*What you are asked to do:* Restate the listing below exactly, images excluded.

*Data extract:*
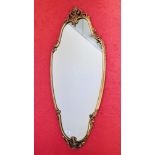 A GOOD QUALITY DECORATIVE GILT FINISHED CAST FRAMED WALL MIRROR - LENGTH 109CM.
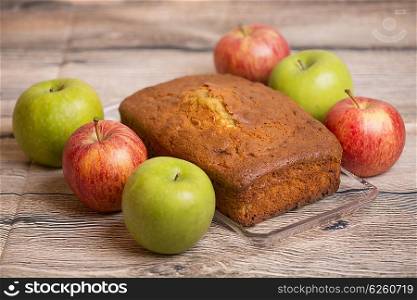 Delicious apple cake on wooden table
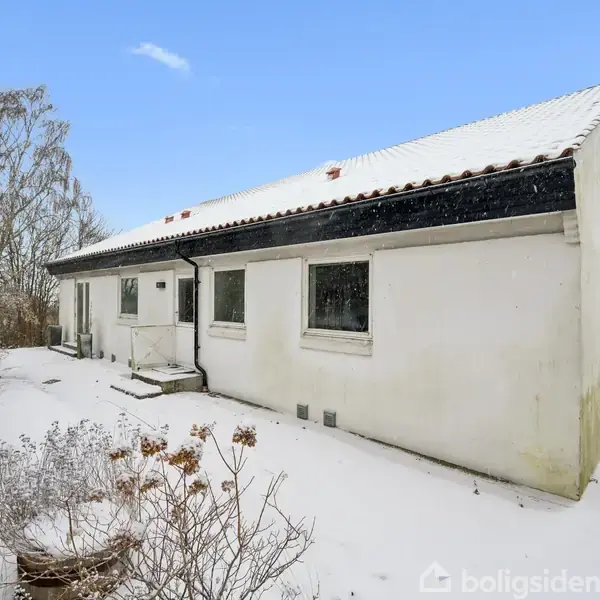 Hus i hvidt, sneklædt landskab; det står stille om vinteren med sne på taget og jorden. Sne dækker også buske og træer i baggrunden under en blå himmel.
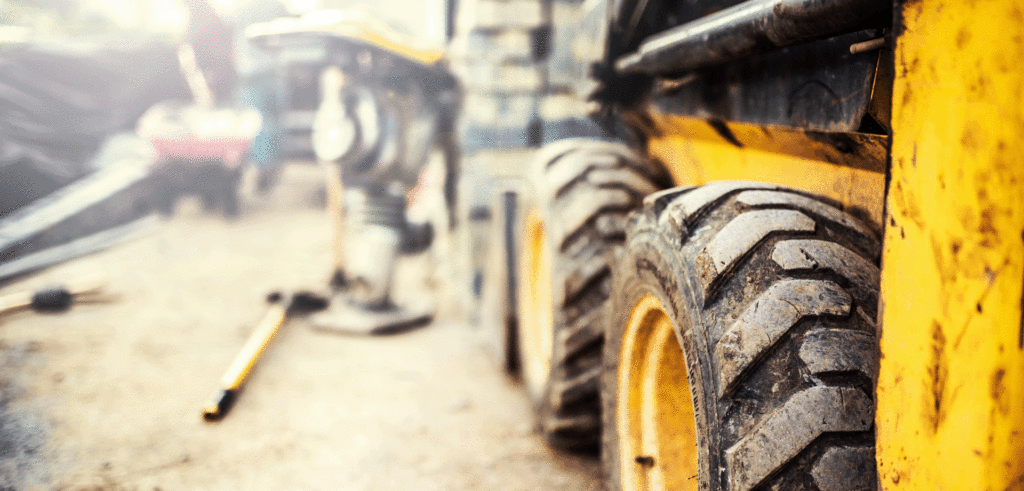 Closeup image of construction vehicles on a job site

*Solution for this problem:*
 A GOOD QUALITY DECORATIVE GILT FINISHED CAST FRAMED WALL MIRROR - LENGTH 109CM.
 Delicious apple cake on wooden table
 Hus i hvidt, sneklædt landskab; det står stille om vinteren med sne på taget og jorden. Sne dækker også buske og træer i baggrunden under en blå himmel.
 Closeup image of construction vehicles on a job site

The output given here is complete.